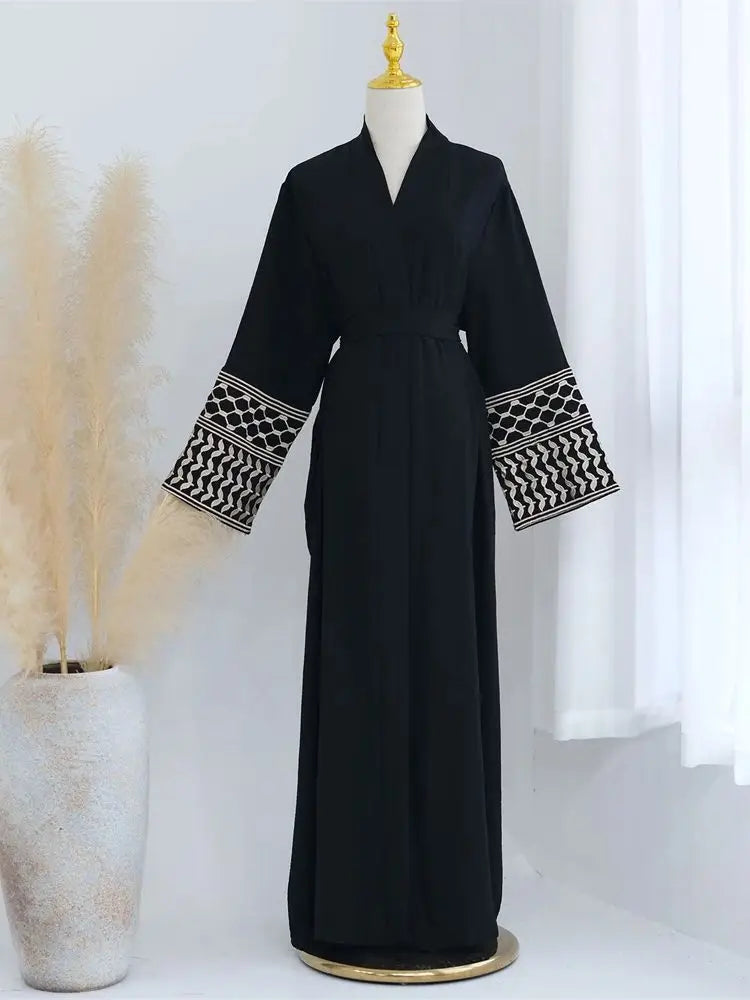 Linen Butterfly Embroidery Open Abaya Dubai Luxury 2024 Muslim Modest Kaftan Kimono Dresses Coat for Women Islam Clothing Kebaya - Seprincess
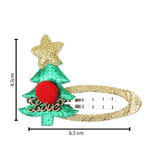 Christmas Pack of 2 Gold and Green Tree Star Hair Clips for Girls [AHA175]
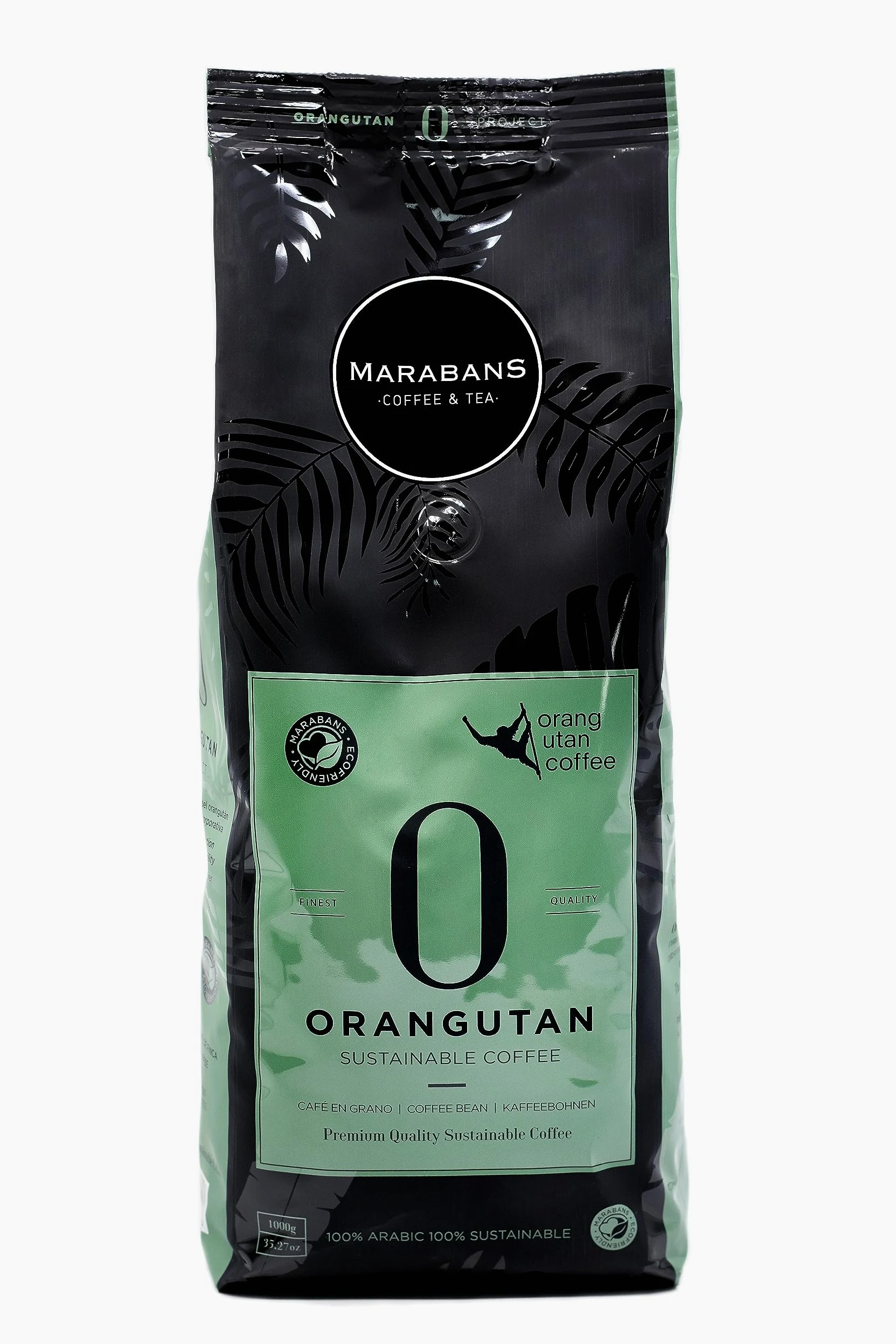 Marabans OrangUtan café en grano paquete 1 kilo - Café Arábica 100% natural Producción Sostenible - 100% tueste natural. / Origen Sumatra, Indonesia.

**Directions for this task**.
Pictures are skipped here. Print exactly, and only, the lines from the one holding "Christmas Pack of" through the final line of the material above, both ends included.

**Result for this exercise**.
 Christmas Pack of 2 Gold and Green Tree Star Hair Clips for Girls [AHA175]
 Marabans OrangUtan café en grano paquete 1 kilo - Café Arábica 100% natural Producción Sostenible - 100% tueste natural. / Origen Sumatra, Indonesia.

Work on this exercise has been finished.